◆ **Dataset section**:
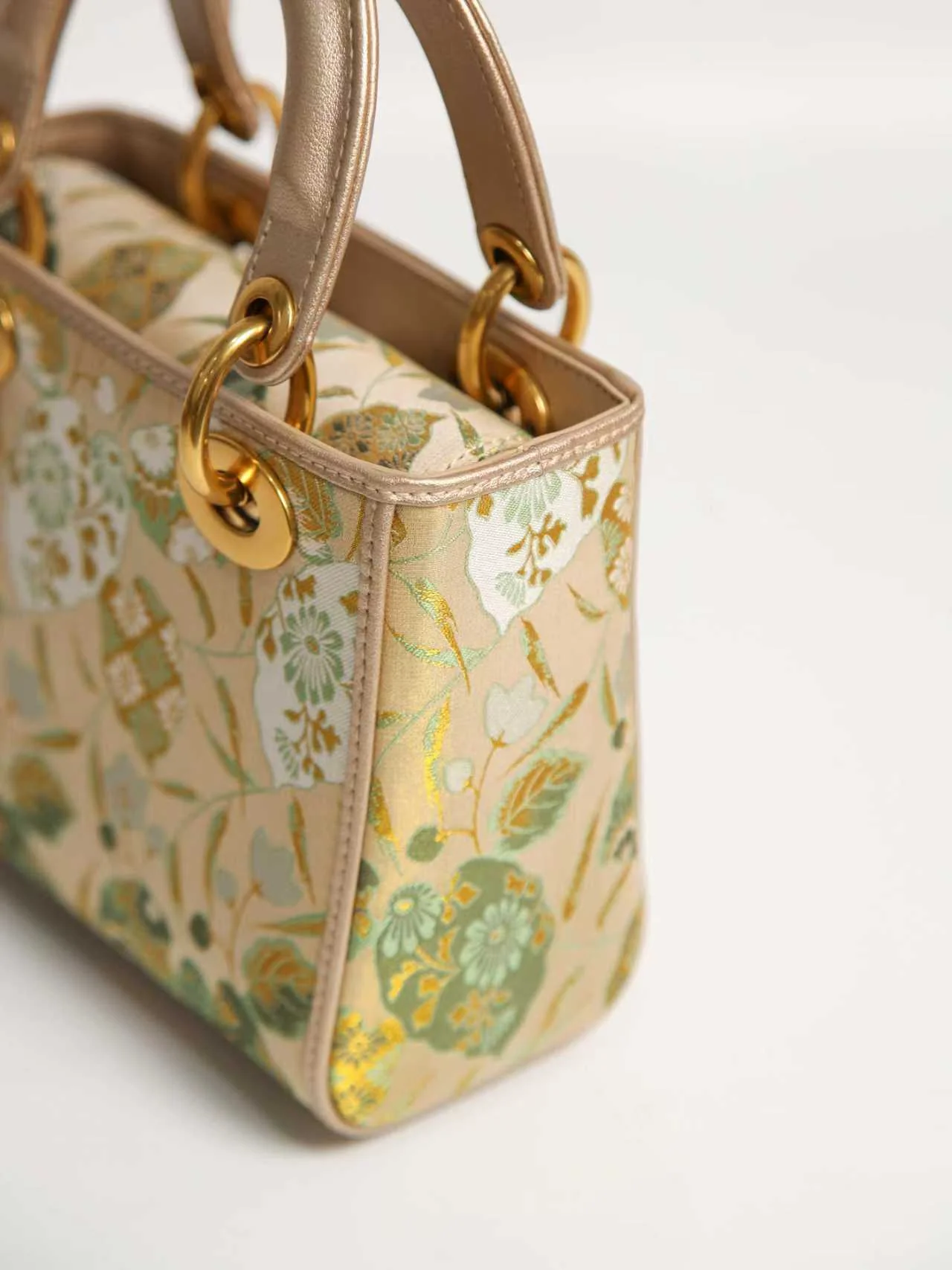 Tang Gold 17 Gilded Vines Song Brocade Bag - Image 9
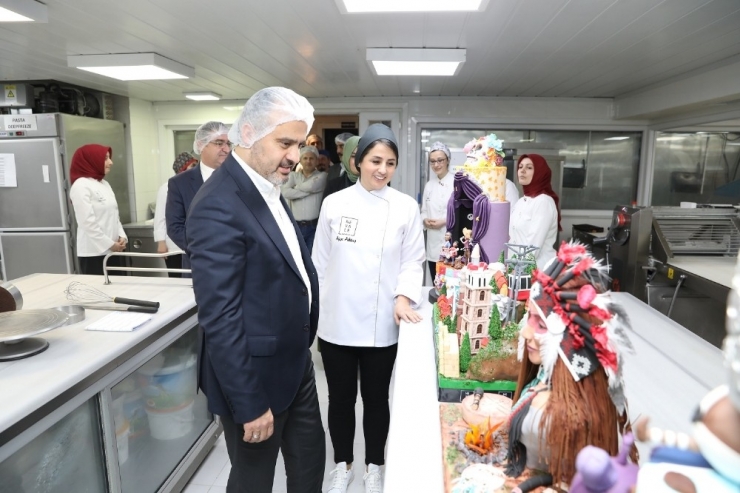 Kadınlar Gününde Pastalar Başkan Aktaş’tan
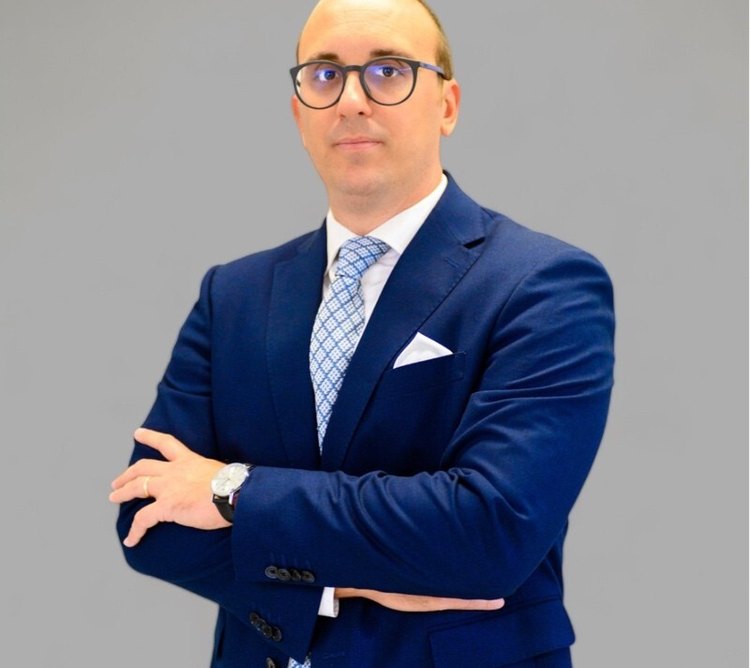 Mirko La Porta, Senior Chartered Accountant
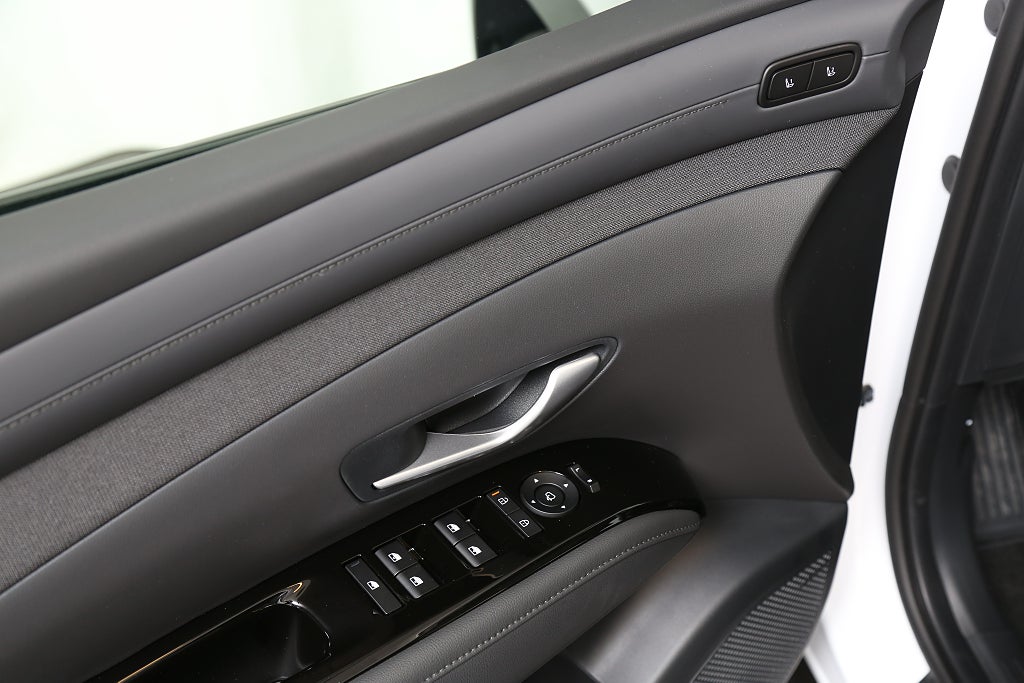 Hyundai Tucson Hybrid 4WD Advanced RA Edition / 19" Alu / Tech / Pano 2026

◆ **Task requirements**: Output nothing but the lines from the line with "Kadınlar Gününde Pastalar Başkan Aktaş’tan" through the last line of the material above, please, word for word and without the pictures.

◆ **Answer**:
 Kadınlar Gününde Pastalar Başkan Aktaş’tan
 Mirko La Porta, Senior Chartered Accountant
 Hyundai Tucson Hybrid 4WD Advanced RA Edition / 19" Alu / Tech / Pano 2026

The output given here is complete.